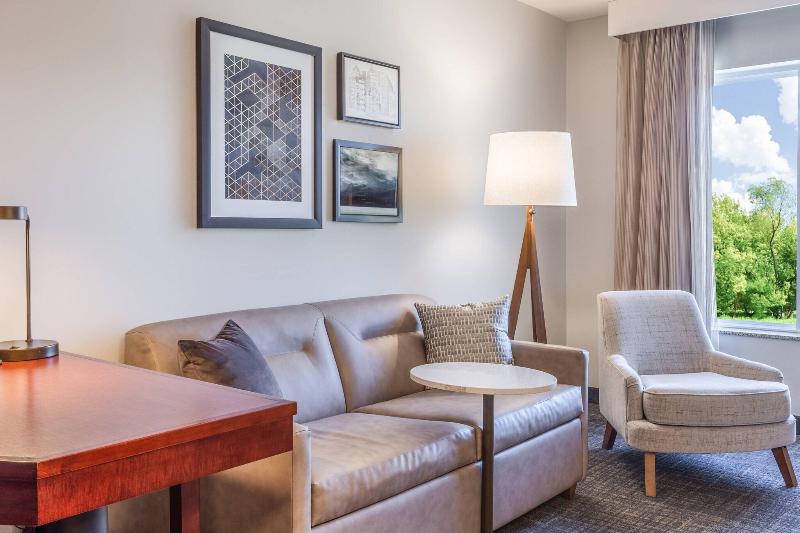 带大床的标准工作室, Residence Inn Duluth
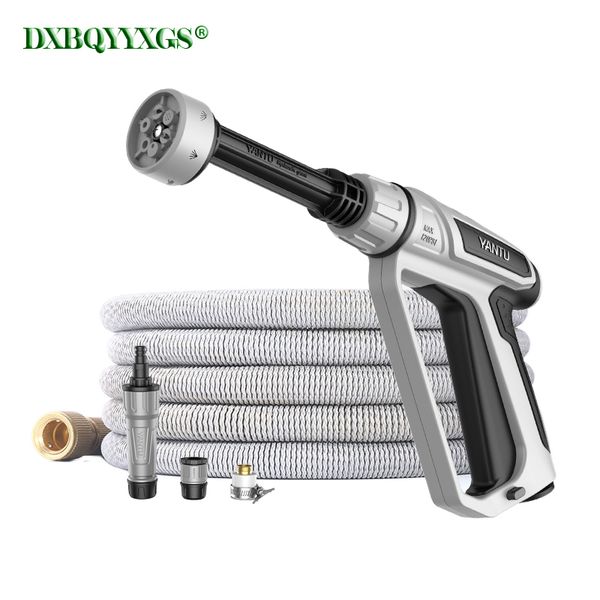 Acheter Ensemble De Pistolet à Eau Outil Darrosage De Jardin Tuyau Darrosage Pistolet à Eau Haute Pression Pour Lave Auto Tuyau Magique Artefact
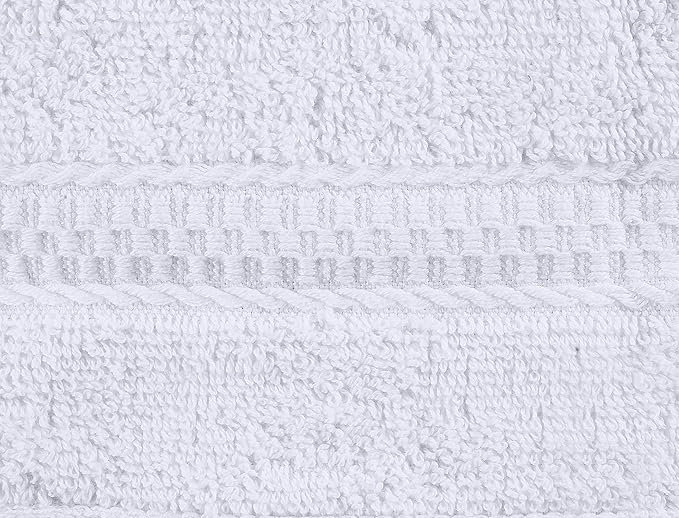 Utopia Towels 12 Pack Premium Wash Cloths Set, 12 by 12 Inches, 100% Cotton Ring Spun, Highly Absorbent and Soft Feel Essential Washcloths for Bathroom, Spa, Gym, and Face, White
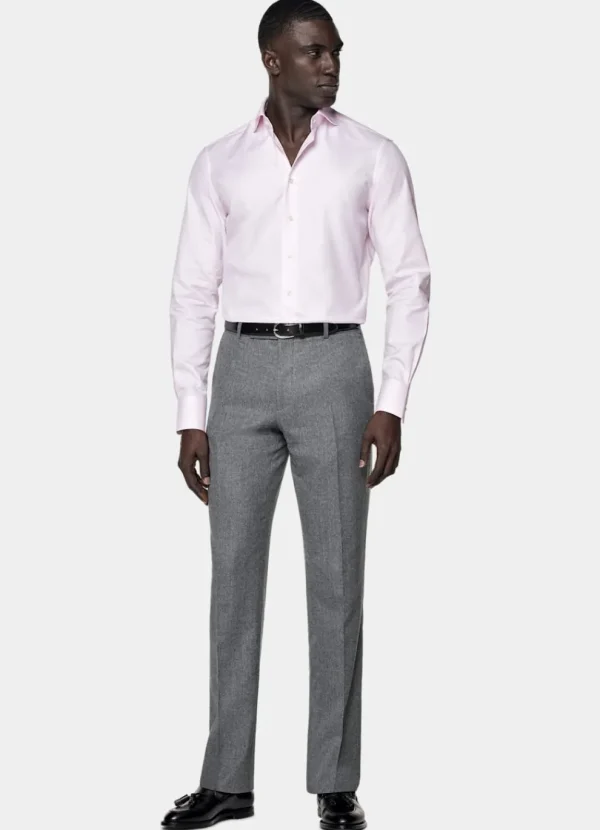 Suitsupply Chemises Classiques*Chemise coupe Tailored en oxford royal rose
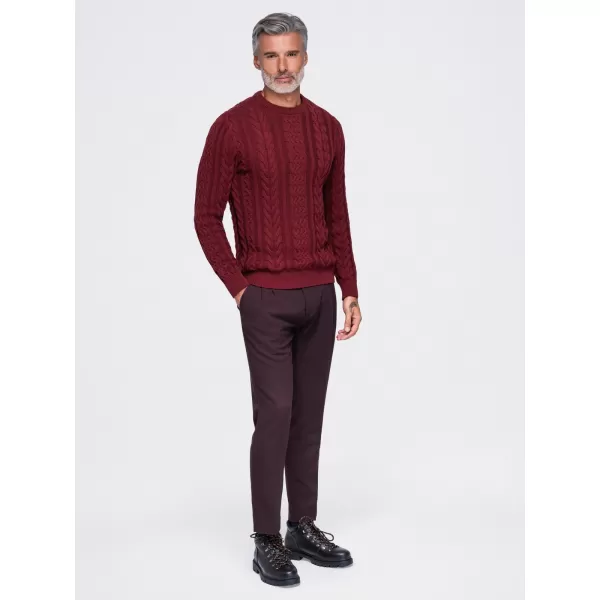  Férfi pulóver OMBRE OM-SWSW-0191 BURGUNDIA 
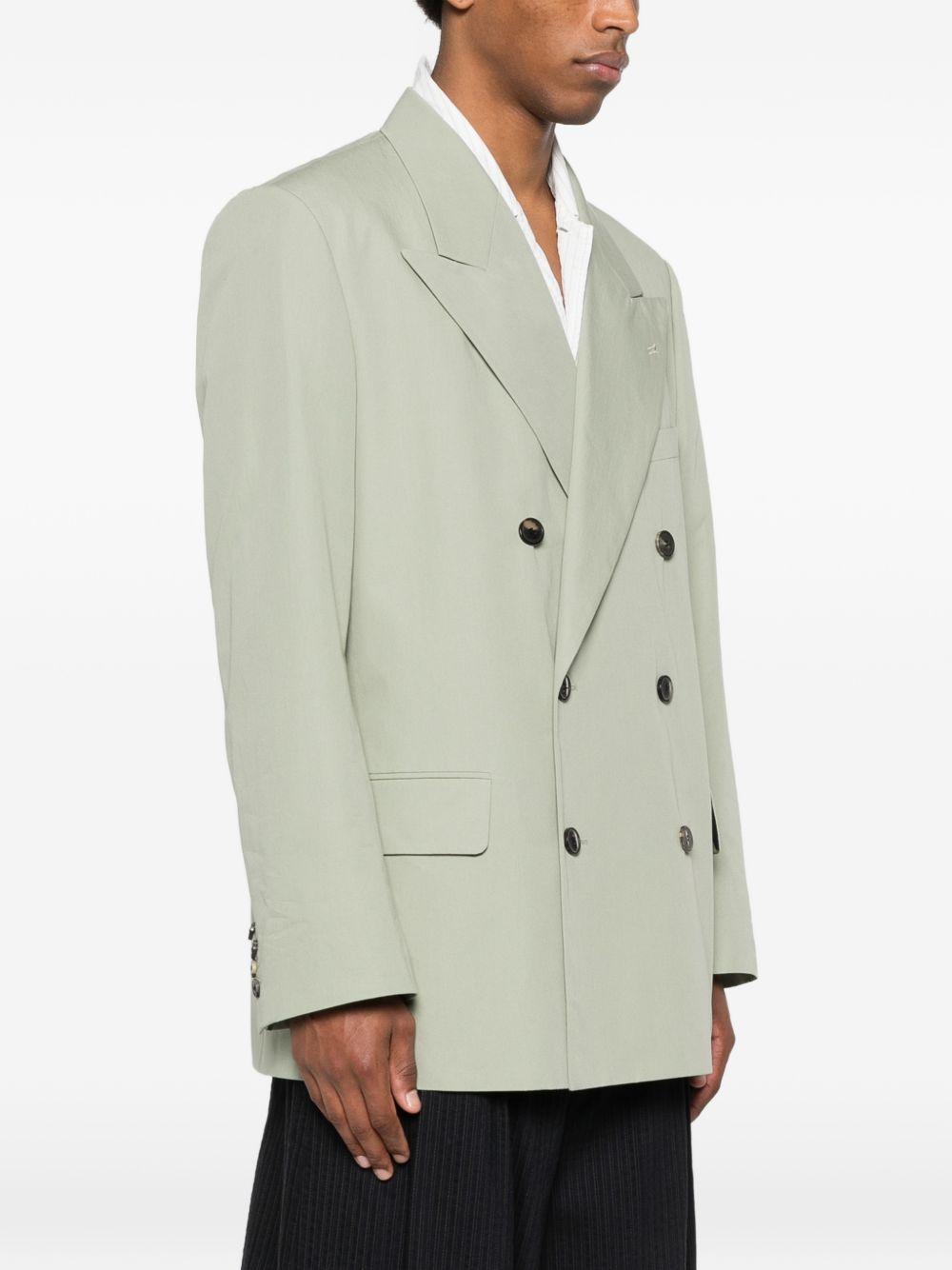 Blazer doppiopetto bosier in verde Dries van noten - uomo 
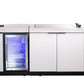 White Stone 4B Drop In BBQ Kitchen Package with Stone Benchtops, Hampton Waterfall Design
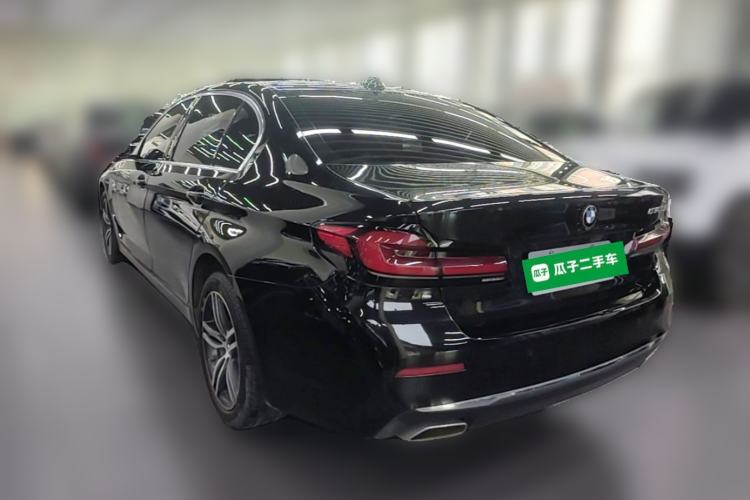 Used BMW 5 Series 2021 530Li Leading Luxury Package Rear Left 45 Deg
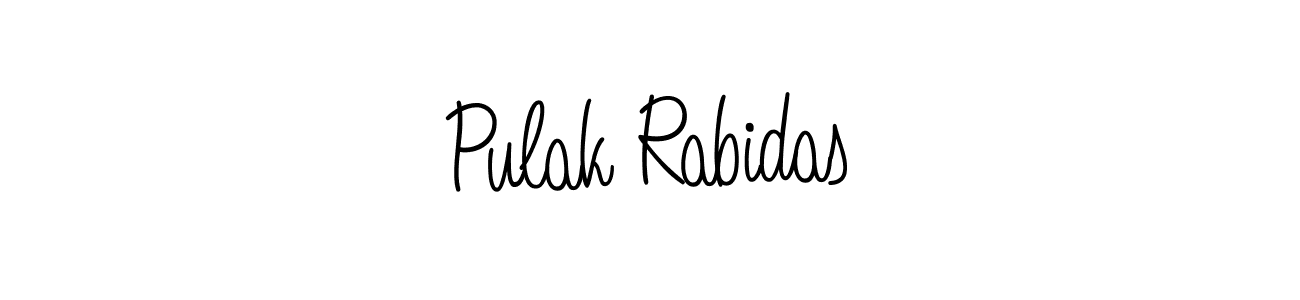 Pulak Rabidas stylish signature style. Best Handwritten Sign (Angelique-Rose-font-FFP) for my name. Handwritten Signature Collection Ideas for my name Pulak Rabidas. Pulak Rabidas signature style 5 images and pictures png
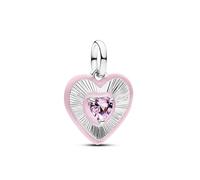 Pandora Charm Medaglione Cuore Rosa Radiante 794409C01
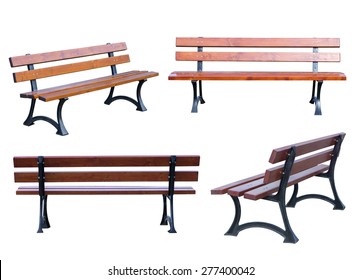 Bench isolated on white background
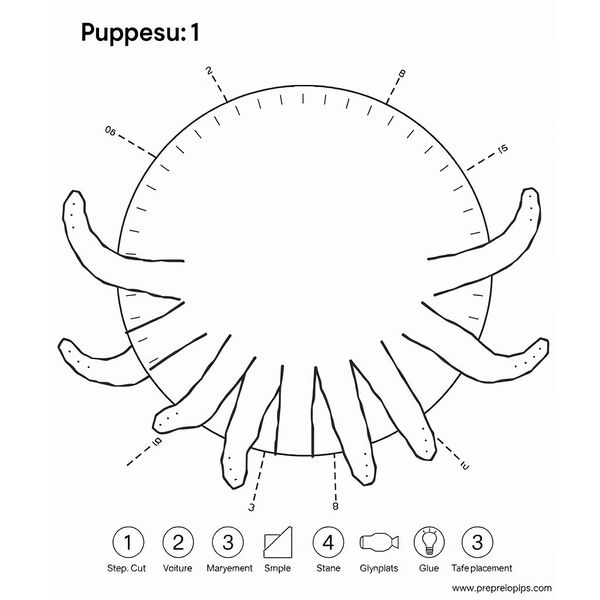 Szablon ośmiornicy na talerzyk (wycinanka)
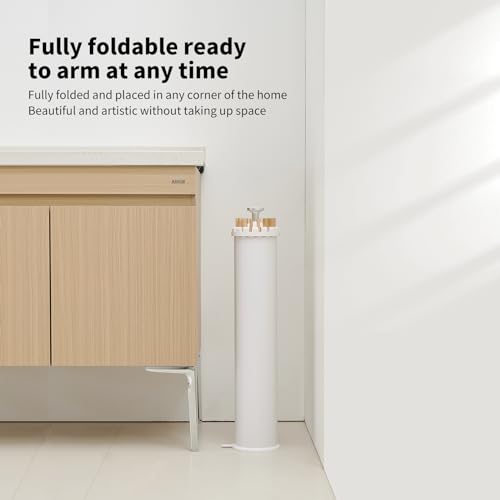 Wooden Foldable Clothes Drying Rack Tripod with 16 Rods - Standing Version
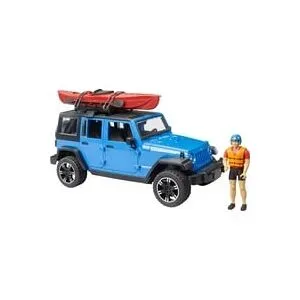Bruder - Jeep mit Kajak + Figur, Multicolor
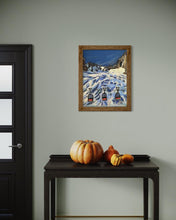 Load image into Gallery viewer, Mer de Glace with Panoramic Mont Blanc Lift Pastels Painting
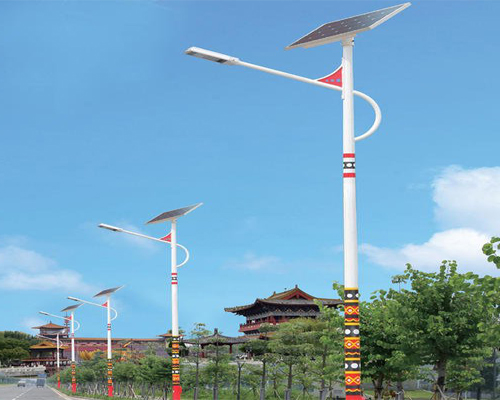 改则民族特色路灯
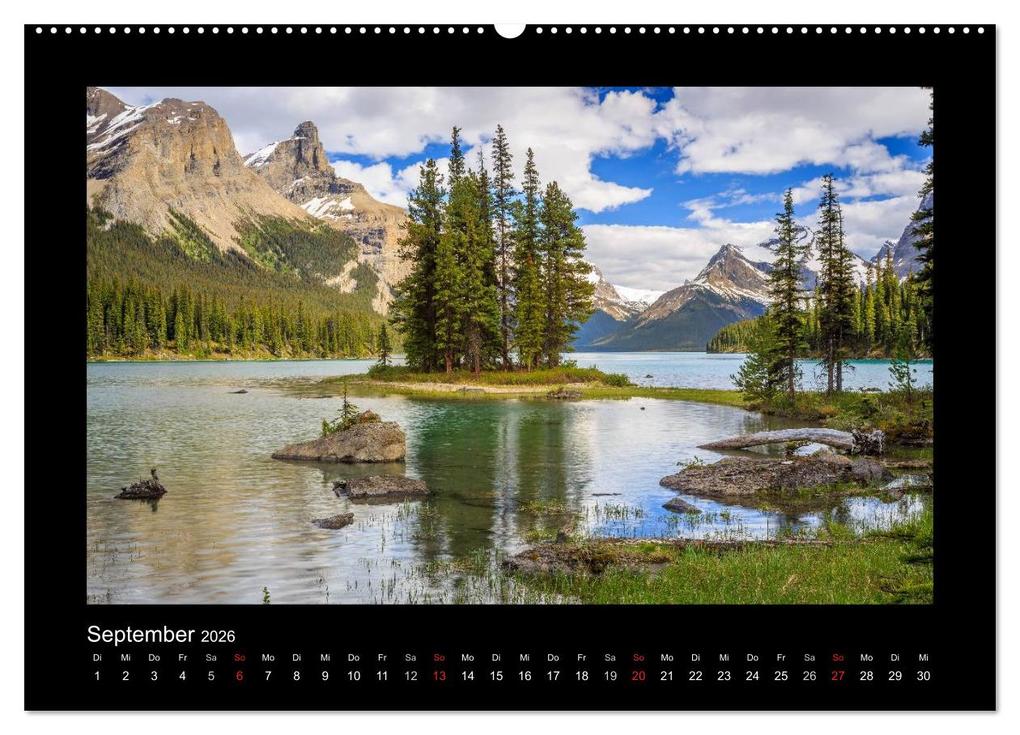 Weitere Ansicht: KANADA - Rocky Mountains (Wandkalender 2026 DIN A2 quer), CALVENDO Monatskalender | Martin Büchler und Christine Berkhoff, Calvendo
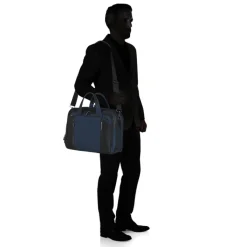 Herentassen|15.6 Inch Laptoptassen>Samsonite Spectrolite 4.0 Laptop Briefcase 15.6" Expandable blue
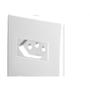 Imagem de Conjunto Siena 4X2 Branco Com Placa (2Tomadas 10A-V) 6083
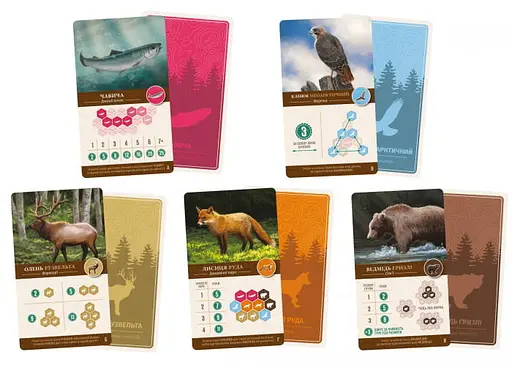 Настольная игра Lords of Boards Каскадия (Cascadia) (укр.) + уникальное промо! (LOB2305UA) - фото 3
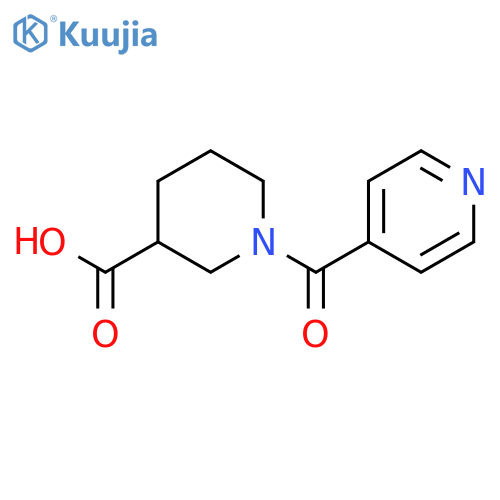 1-(pyridine-4-carbonyl)piperidine-3-carboxylic acid structure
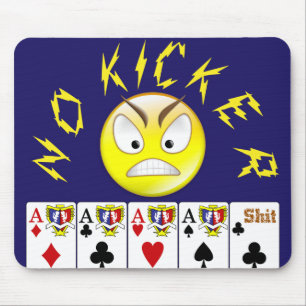 Video poker mouse pad
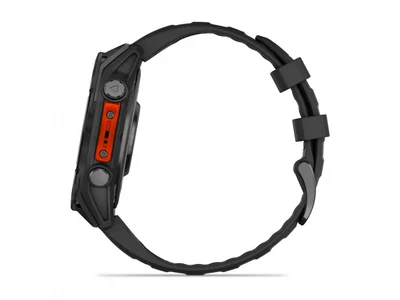 Смарт часовник Garmin Fenix 8, 1.4'', 47 mm, сиво-черен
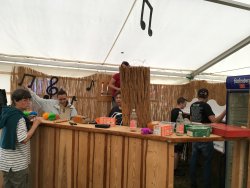 Musikerhock Auf-Abbau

────────────────

## WHAT IS NEEDED
The records above need to be restated word for word, with the pictures left out.

## RESULT OF THE EXERCISE
 带大床的标准工作室, Residence Inn Duluth
 Acheter Ensemble De Pistolet à Eau Outil Darrosage De Jardin Tuyau Darrosage Pistolet à Eau Haute Pression Pour Lave Auto Tuyau Magique Artefact
 Utopia Towels 12 Pack Premium Wash Cloths Set, 12 by 12 Inches, 100% Cotton Ring Spun, Highly Absorbent and Soft Feel Essential Washcloths for Bathroom, Spa, Gym, and Face, White
 Suitsupply Chemises Classiques*Chemise coupe Tailored en oxford royal rose
  Férfi pulóver OMBRE OM-SWSW-0191 BURGUNDIA 
 Blazer doppiopetto bosier in verde Dries van noten - uomo 
 White Stone 4B Drop In BBQ Kitchen Package with Stone Benchtops, Hampton Waterfall Design
 Used BMW 5 Series 2021 530Li Leading Luxury Package Rear Left 45 Deg
 Pulak Rabidas stylish signature style. Best Handwritten Sign (Angelique-Rose-font-FFP) for my name. Handwritten Signature Collection Ideas for my name Pulak Rabidas. Pulak Rabidas signature style 5 images and pictures png
 Pandora Charm Medaglione Cuore Rosa Radiante 794409C01
 Bench isolated on white background
 Szablon ośmiornicy na talerzyk (wycinanka)
 Wooden Foldable Clothes Drying Rack Tripod with 16 Rods - Standing Version
Bruder - Jeep mit Kajak + Figur, Multicolor
 Load image into Gallery viewer, Mer de Glace with Panoramic Mont Blanc Lift Pastels Painting
 改则民族特色路灯
 Weitere Ansicht: KANADA - Rocky Mountains (Wandkalender 2026 DIN A2 quer), CALVENDO Monatskalender | Martin Büchler und Christine Berkhoff, Calvendo
 Herentassen|15.6 Inch Laptoptassen>Samsonite Spectrolite 4.0 Laptop Briefcase 15.6" Expandable blue
 Imagem de Conjunto Siena 4X2 Branco Com Placa (2Tomadas 10A-V) 6083
 Настольная игра Lords of Boards Каскадия (Cascadia) (укр.) + уникальное промо! (LOB2305UA) - фото 3
 1-(pyridine-4-carbonyl)piperidine-3-carboxylic acid structure
 Video poker mouse pad
 Смарт часовник Garmin Fenix 8, 1.4'', 47 mm, сиво-черен
 Musikerhock Auf-Abbau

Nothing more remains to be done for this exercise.